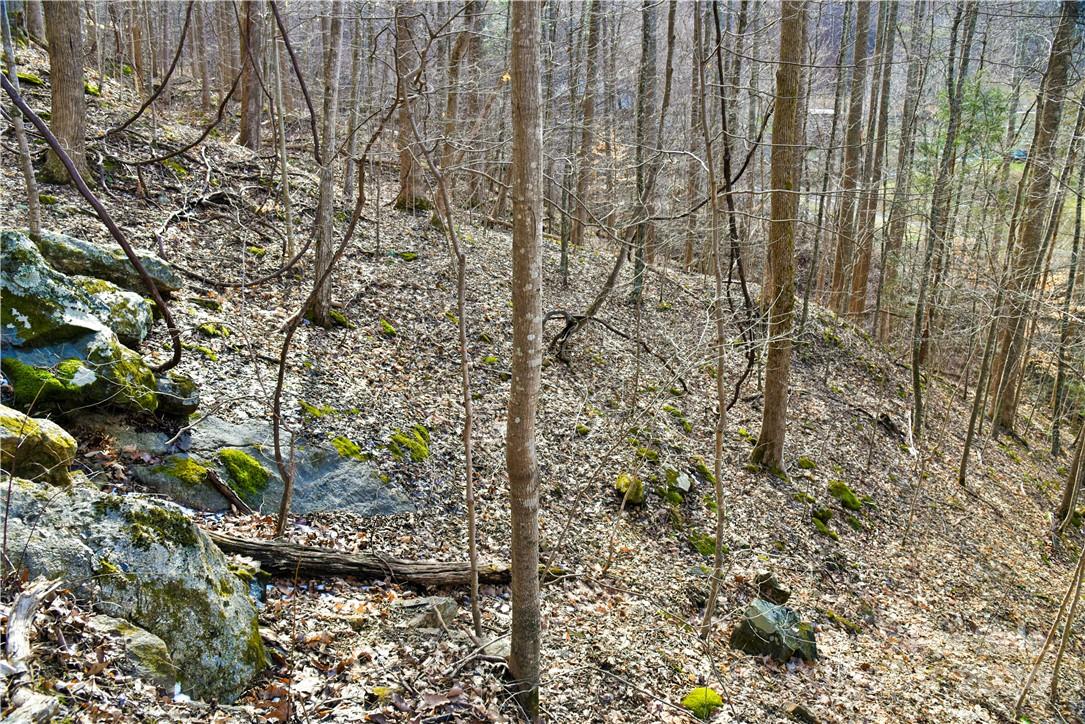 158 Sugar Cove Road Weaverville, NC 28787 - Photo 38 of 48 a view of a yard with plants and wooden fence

==

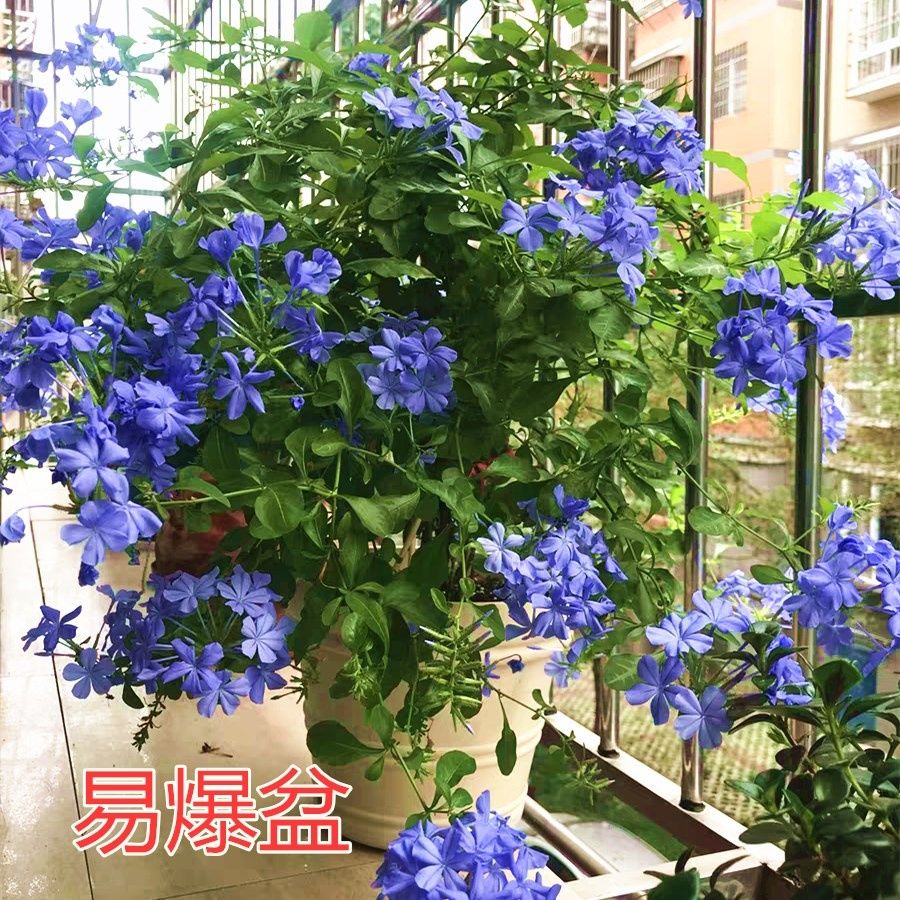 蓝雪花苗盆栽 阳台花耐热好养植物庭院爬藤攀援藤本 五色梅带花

==

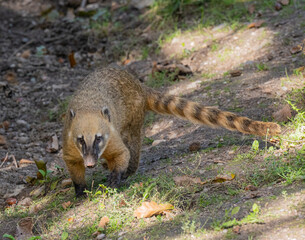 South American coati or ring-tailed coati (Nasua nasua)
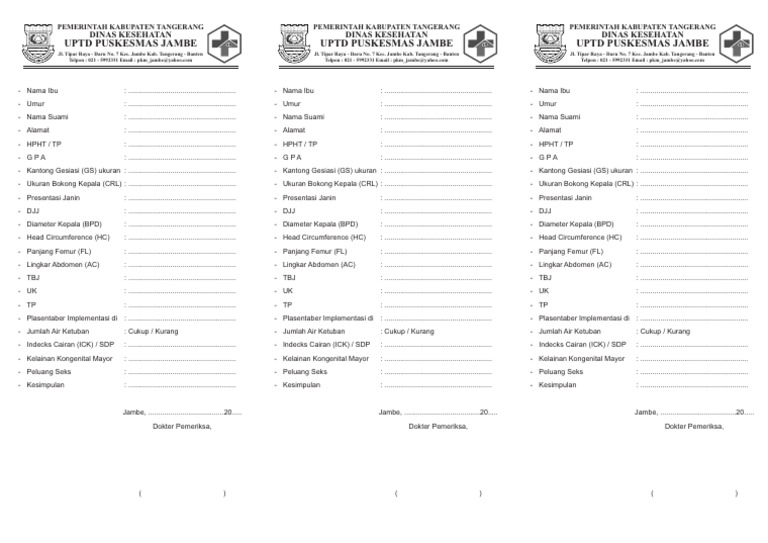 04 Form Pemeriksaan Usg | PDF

**Your assignment:** Transcribe, word for word, the lines of the listing above from the one that contains "South American coati" through the one that contains "04 Form Pemeriksaan Usg | PDF", keeping both ends and dropping the pictures.

**Result for this exercise:**
 South American coati or ring-tailed coati (Nasua nasua)
 04 Form Pemeriksaan Usg | PDF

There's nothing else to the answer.